For use in subset of my thesis, I’ve been given some exchange market data for several exchange-listed products, including Eurodollar rate futures as well US treasury futures and Fed Funds futures. I would like to fit an approximate yield curve / multi curve (govt + libor) while explicitly omitting OTC data (e.g. swaps) and cash US treasury data. My goal is to fit these curves to some lower dimensional space then observe deviations of my projected prices from true market prices.
Some questions I have:
- I can pull implied repo data at the start of each day. Is this stable enough to reproduce real market pricing? To pivot my first credit-risk inclusive future (ED) and/or my first riskless (FF? 2yr treasury future?) off of, I will take the respective spot rate at the start of the day as well. I understand FF is uncollateralized (domestic/reserve-holding) corporation-based yields, which are surely not government. However I don’t really know how else to get short end into my risk-free approach. Is there a better way given the data?

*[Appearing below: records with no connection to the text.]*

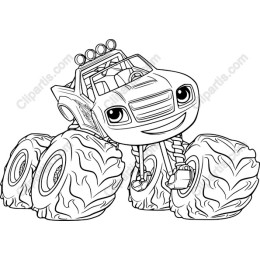 Cheerful Monster Truck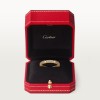 Cartier  Maillon Panthère wedding band, half-paved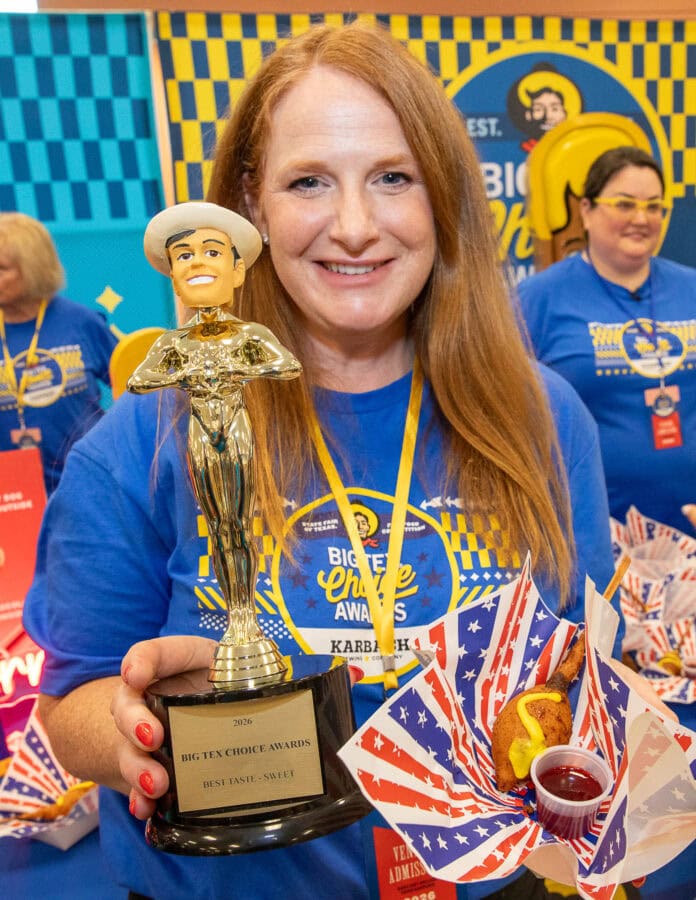 big tex winner sweet amber fletcher chocolate corny dog Big Tex winners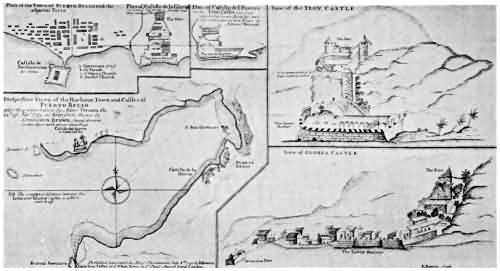 PORTO BELLO PORTO BELLO; CIRCA 1740. SHOWING THE SITUATION AND DEFENCES OF THE CITY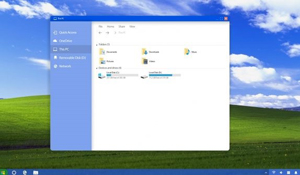 网友自制Windows XP重制版概念图 蓝天白云熟悉又温馨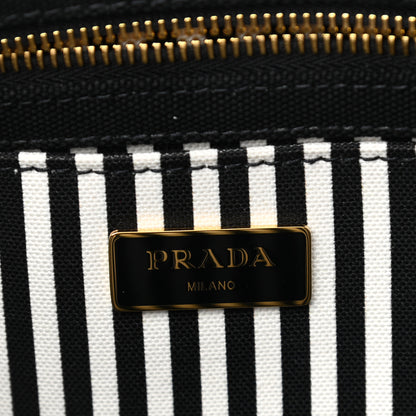 Prada Canapa Small Logo Tote Black Talco 6 of 10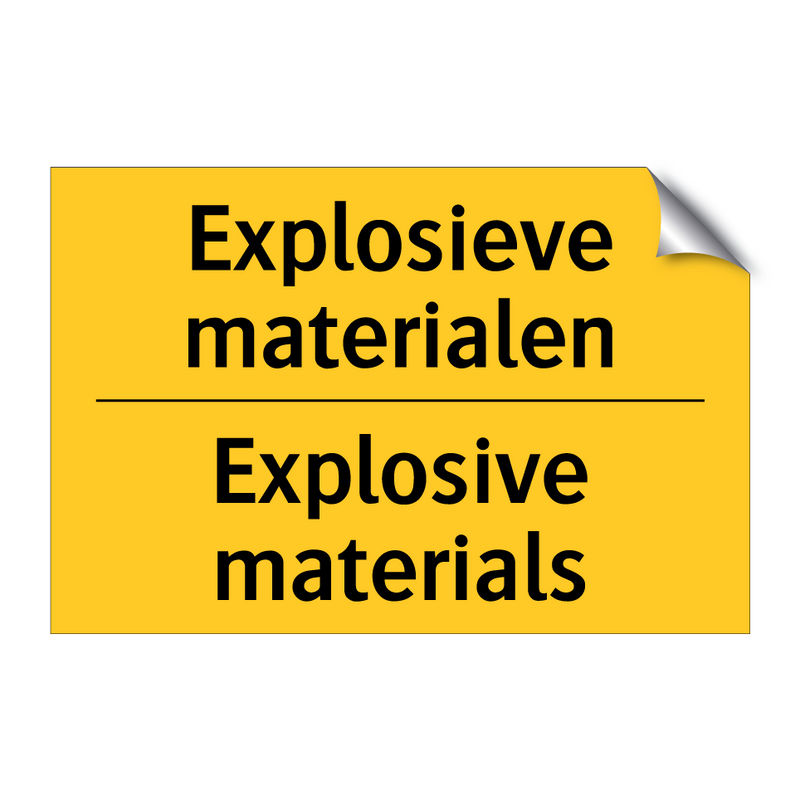 Explosieve materialen - Explosive materials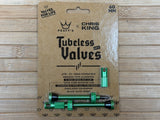 Peaty's Tubeless Ventile MK2 60mm emerald grün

- Because I am not using swaps, it’s unclear how I might consider credit-based libor premium. My earliest treasury is 2 years, but I also have Fed funds. I’m not sure if there’s an stripped down modern equivalent that operates under the no-OTC constraints?
- Assuming stable implied repos, I can use intraday futures to imply cash treasuries then determine yields from these implied cash treasuries. Does this seem reasonable?
Any guidance or advice from the practical side (I’ve never done this before) would be highly appreciated.